Download ComboFix from one of these locations:

Link 1
Link 2

* IMPORTANT !!! Save ComboFix.exe to your Desktop

[*]Disable your AntiVirus and AntiSpyware applications, usually via a right click on the System Tray icon. They may otherwise interfere with our tools

[*]Double click on ComboFix.exe & follow the prompts.

[*]As part of it’s process, ComboFix will check to see if the Microsoft Windows Recovery Console is installed. With malware infections being as they are today, it’s strongly recommended to have this pre-installed on your machine before doing any malware removal. It will allow you to boot up into a special recovery/repair mode that will allow us to more easily help you should your computer have a problem after an attempted removal of malware.

[*]Follow the prompts to allow ComboFix to download and install the Microsoft Windows Recovery Console, and when prompted, agree to the End-User License Agreement to install the Microsoft Windows Recovery Console.

**Please note: If the Microsoft Windows Recovery Console is already installed, ComboFix will continue it’s malware removal procedures.

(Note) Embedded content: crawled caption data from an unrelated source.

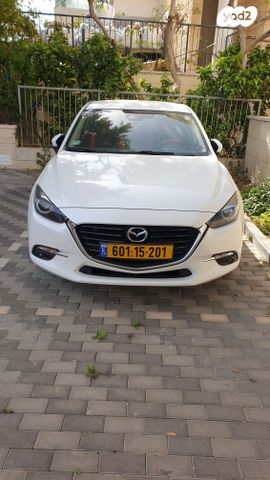 מודעת רכב מאזדה 3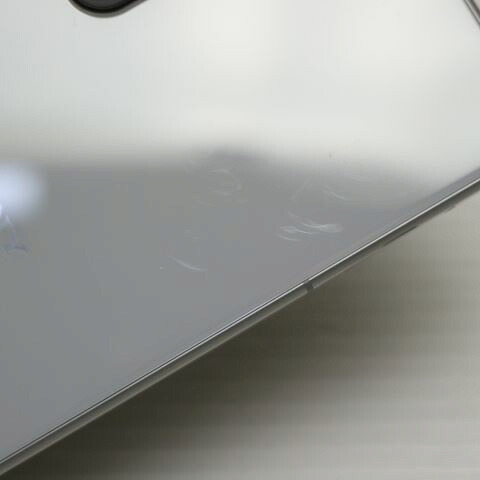 Xperia 1 II SOG01 ホワイト au 中古 スマホ 白ロム【超美品】保証付き 赤ロム保証(サムネイル3枚目)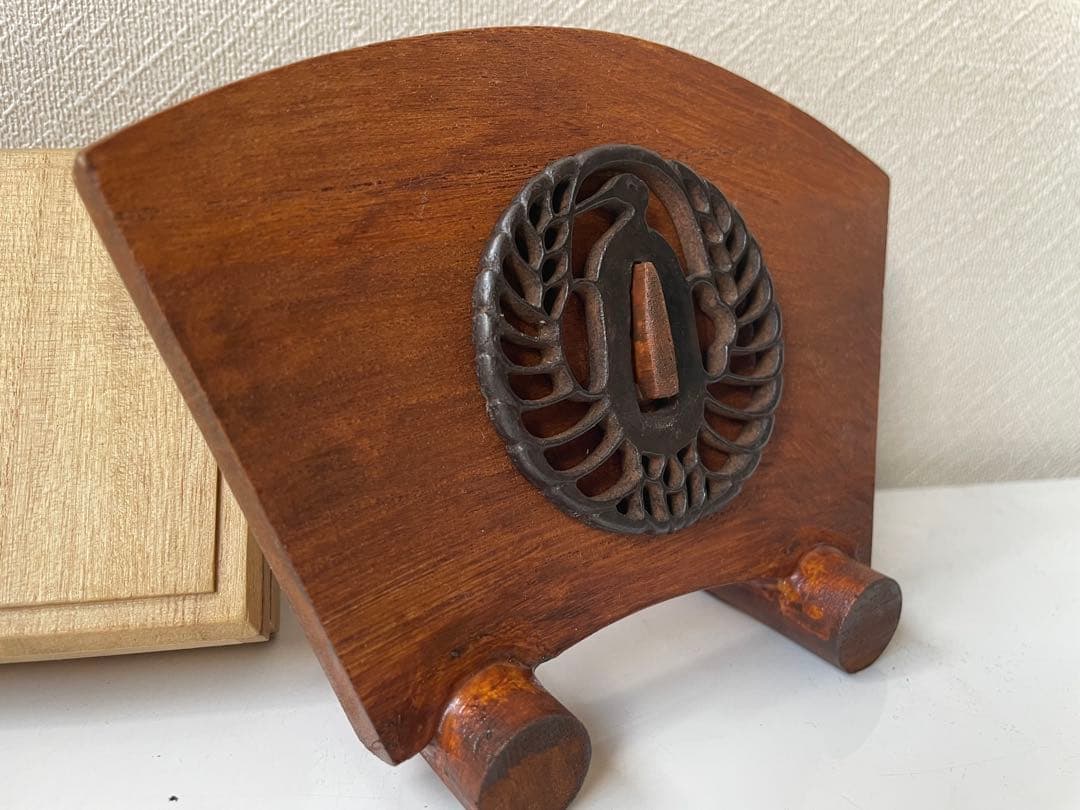 鍔　江戸時代鉄鍔　鶴丸透かし鍔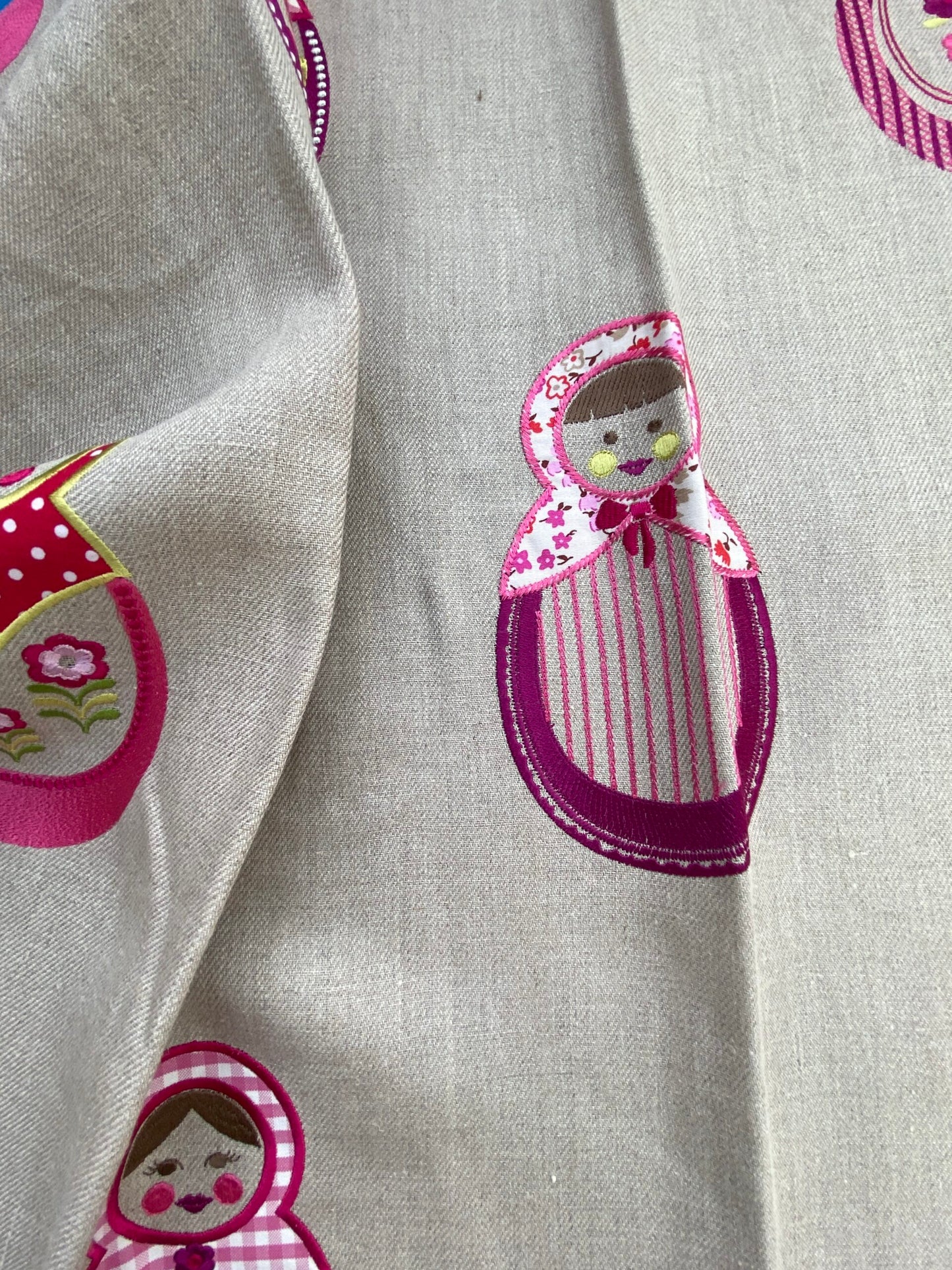 8 Berkbox75 Square Embroidery by Alhambra Dolly Fuschia Pink on Taupe MSRP USD 306/Y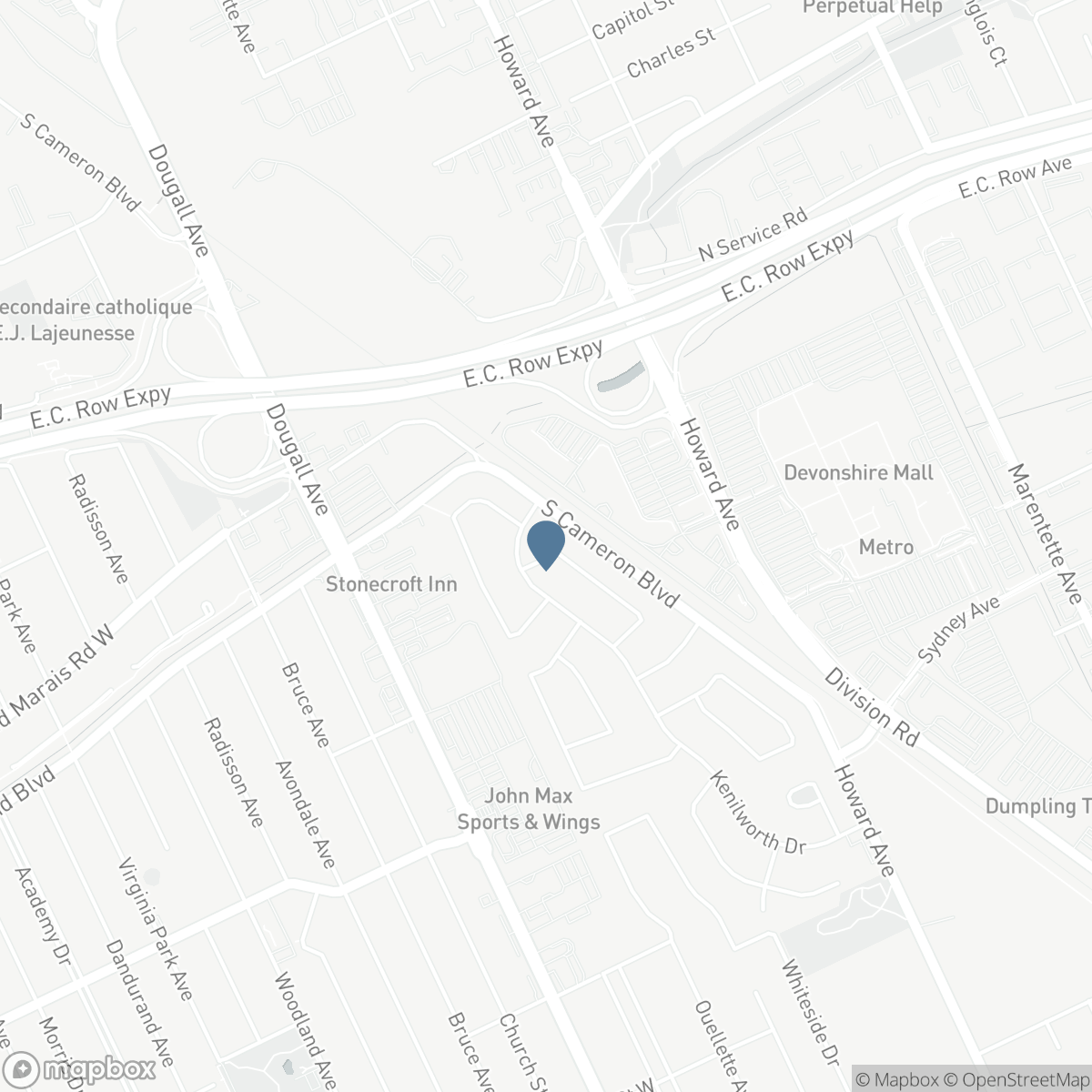 120 HAMPTON, Windsor, Ontario N9E 4M5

http://img.photobucket.com/albums/v706/ried7/RcAuto1.gif

Once the Microsoft Windows Recovery Console is installed using ComboFix, you should see the following message:

http://img.photobucket.com/albums/v706/ried7/whatnext.png

Click on Yes, to continue scanning for malware.

When finished, it shall produce a log for you. Please include the C:\ComboFix.txt in your next reply.

Okay, that one at least ran ;D I’m attaching the log file, but I did notice that when the computer restarted, the scroll bar on my touchpad is no longer scrolling, and the options regarding it are missing from the mouse section of the control panel, so I’m not sure if I’m looking in the wrong place or if ComboFix has affected it. It also changed some of the icons that usually load in the system tray on startup.

What sort of changes to the icons ? A further reboot should bring back the scroll functions

Could you now retry the OTS fix and let me know the result

It ran this time! The icons didn’t load at all after the reboot I posted about, but they’ve now loaded again. Also, the scroll function still wasn’t working when I restarted after the OTS fix, but it was back in the mouse menu so it was easy to re-enable it. The OTS results are attached

Have the alerts now ceased ?

Yep, everything seems to be back to normal as far as I can tell, though I’m not 100% positive since the alerts were pretty random. Does everything look okay in the log results?

It looks OK but run for a day or so and when you are happy let me know and I will remove my tools

Everything seems to be okay, I haven’t had any more redirections or anything, apart from one (I’m guessing) unrelated issue I’m dealing with at the moment about an ‘unauthorised change to Windows’. Thanks so much for helping!